Any wiki with a form of web-editing enabled will have to deal with
spam. (See the [[plugins/blogspam]] plugin for one defensive tool you
can deploy).
If:
- you are using ikiwiki to manage the website for a [[examples/softwaresite]]
- you allow web-based commits, to let people correct documentation, or report
bugs, etc.
- the documentation is stored in the same revision control repository as your
software
It is undesirable to have your software's VCS history tainted by spam and spam
clean-up commits. Here is one approach you can use to prevent this. This
example is for the [[git]] version control system, but the principles should
apply to others.
Isolate web commits to a specific branch
Create a separate branch to contain web-originated edits (named doc
in this
example):
$ git checkout -b doc
Adjust your setup file accordingly:
gitmaster_branch => 'doc',
merging good web commits into the master branch
You will want to periodically merge legitimate web-based commits back into
your master branch. Ensure that there is no spam in the documentation
branch. If there is, see 'erase spam from the commit history', below, first.
Once you are confident it's clean:
# ensure you are on the doc branch
$ git branch
doc
* master
$ git merge --ff doc
removing spam
short term
In the short term, just revert the spammy commit.
If the spammy commit was the top-most:
$ git revert HEAD
This will clean the spam out of the files, but it will leave both the spam
commit and the revert commit in the history.
erase spam from the commit history
Git allows you to rewrite your commit history. We will take advantage of this
to eradicate spam from the history of the doc branch.

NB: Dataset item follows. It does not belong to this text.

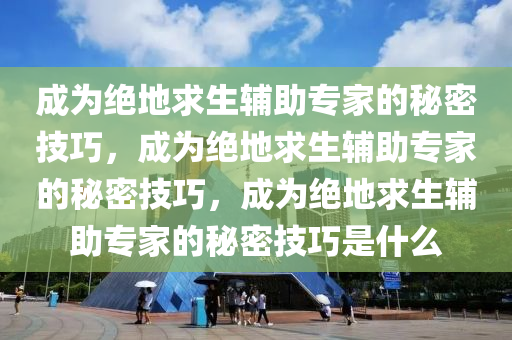 成为绝地求生辅助专家的秘密技巧，成为绝地求生辅助专家的秘密技巧，成为绝地求生辅助专家的秘密技巧是什么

This is a useful tool, but it is considered bad practise to rewrite the
history of public repositories. If your software's repository is public, you
should make it clear that the history of the doc
branch in your repository
is unstable.
Once you have been spammed, use git rebase
to remove the spam commits from
the history. Assuming that your doc
branch was split off from a branch
called master
:
# ensure you are on the doc branch
$ git branch
* doc
master
$ git rebase --interactive master
In your editor session, you will see a series of lines for each commit made to
the doc
branch since it was branched from master
(or since the last merge
back into master
). Delete the lines corresponding to spammy commits, then
save and exit your editor.
Caveat: if there are no commits you want to keep (i.e. all the commits since
the last merge into master are either spam or spam reverts) then git rebase
will abort. Therefore, this approach only works if you have at least one
non-spam commit to the documentation since the last merge into master
. For
this reason, it's best to tackle spam with reverts until you have at least one
commit you want merged back into the main history.